A Colorado State Patrol report details the arrest of Lynch, a Wellington Republican, on Sept. 30, 2022. He was charged with driving while under the influence of alcohol, and later pleaded guilty to a lesser charge of driving while ability impaired. Lynch was sentenced to 18 months of probation, which is still active, with monitored sobriety.

He received a deferred sentence for the weapons charge but was barred from possessing firearms and ordered to complete a handgun safety course.

Lynch, 54, declared his candidacy earlier this month for the congressional seat being vacated by U.S. Rep. Ken Buck, a fellow Republican, in the 4th Congressional District. The primary is crowded, with at least 10 Republicans running — including U.S. Rep. Lauren Boebert, after she decided to switch districts to run in the more conservative CD4.

Lynch admitted to making a mistake during an interview with The Denver Post on Wednesday morning. He said he’d learned from the arrest while following all the requirements of his sentence.

“I’m obviously embarrassed by it,” Lynch said. “As a Christian man who professes to be that way, it’s not good to be known as getting a DUI. Honestly, the political impacts are not as much (of a concern) as just my overall reputation.”

Lynch was pulled over after a trooper paced him driving 90 mph on Interstate 25 north of Fort Collins. According to the incident report, Lynch had initially pulled alongside the trooper in the left lane and roughly matched the trooper’s speed before zooming off.

He said in the interview with The Post that he was on his way back from an event and was simply eager to get home.

Trooper Matthew King pulled Lynch over and asked him to step out of the car after he smelled alcohol and noticed Lynch’s eyes were glassy, the report says. Lynch complied. King wrote in the incident report that he saw Lynch had a pocket knife. When the trooper told Lynch that he was going to secure the knife, Lynch told him he also had a gun in his pocket and reached for it.

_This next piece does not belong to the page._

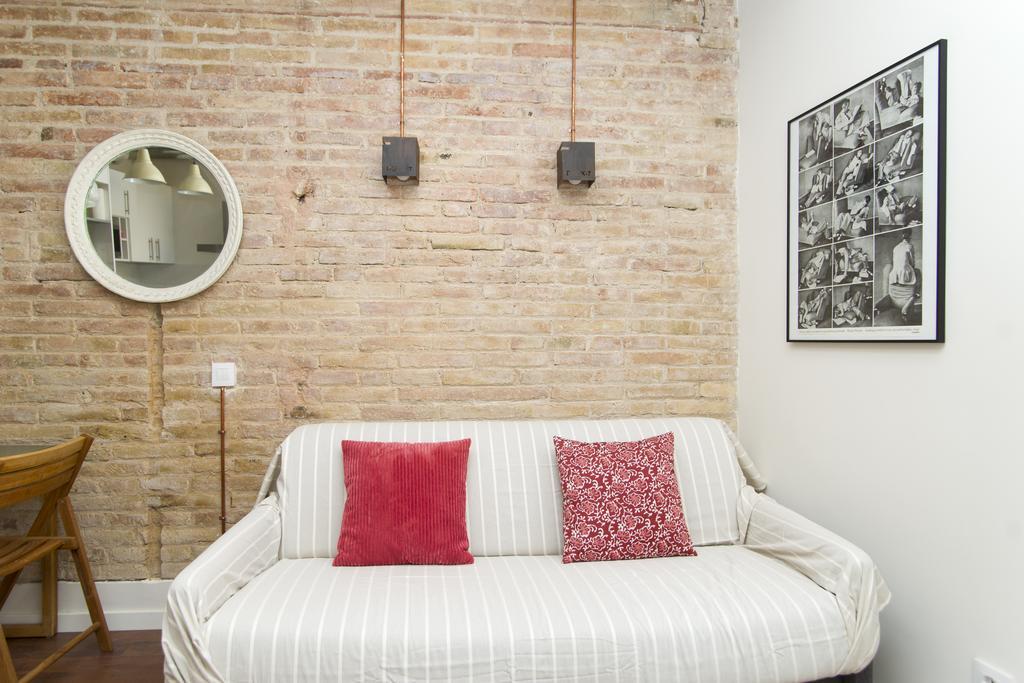Apartments Barcelona Sagrada Rom bilde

Lynch began to tell King that he was a supporter of and fought for law enforcement and that the handgun he had was “not a big deal,” the report says. But the trooper “informed him that pulling a gun out of your pocket when in contact with the police was, in fact, a big deal and people get shot that way.”

Lynch told the trooper he was returning from a fundraiser in Fort Collins and admitted to having a few drinks, “but not a lot.” Lynch then asked the trooper to call a state patrol captain who serves as the agency’s legislative liaison at the Capitol, the report says.

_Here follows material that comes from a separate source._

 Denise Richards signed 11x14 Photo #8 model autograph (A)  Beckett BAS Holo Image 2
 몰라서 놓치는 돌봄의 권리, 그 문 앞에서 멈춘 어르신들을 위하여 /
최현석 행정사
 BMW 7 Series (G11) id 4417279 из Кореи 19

When the trooper indicated that he didn’t know who that person was, Lynch reconsidered and said he didn’t want to call the captain, according to the report. He then told King that he was a state representative, though Lynch didn’t bring up his position further and complied with roadside tests and a breath test.

Lynch said Wednesday that he wasn’t looking for a favor when he mentioned the lobbyist, but he was anxious and wanted to keep people he worked with informed so that they wouldn’t be surprised. He said he also was cognizant then of other situations in which public officials have brought up their status to avoid responsibility — and he didn’t want to fall into that camp.

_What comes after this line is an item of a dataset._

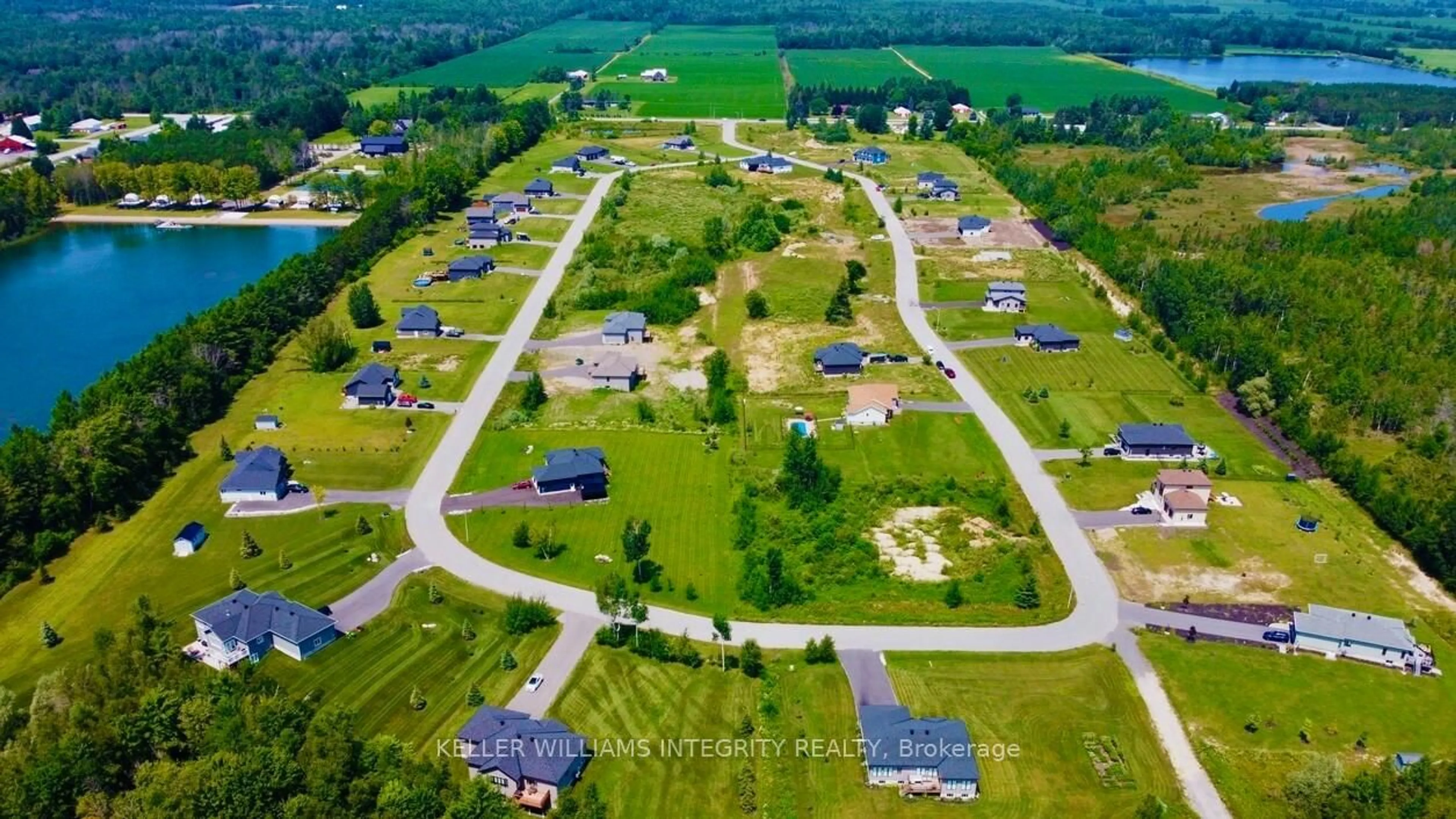 A pic from outside/outdoor area/front of a property/back of a property/a pic from drone, street for 114 Maplestone Dr, North Grenville Ontario K0G 1J0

A breath test indicated that Lynch had a blood-alcohol content of about 0.165, according to the report. Lynch told the trooper he thought the legal limit was 0.2 in Colorado, but it is 0.08 — making his reading twice the limit.

“It was irresponsible,” Lynch said. “I own this. We didn’t fight it because I own it.”

Lynch, who was first elected to the legislature in 2020, was chosen by his Republican colleagues as the House minority leader just weeks after his arrest. He succeeded Rep. Hugh McKean after McKean’s death in October 2022.

Lynch isn’t the only CD4 candidate who has had run-ins with police. Among the likely front-runners, Boebert and her now ex-husband have their own history with law enforcement, most recently when they were involved in an incident at a Silt restaurant.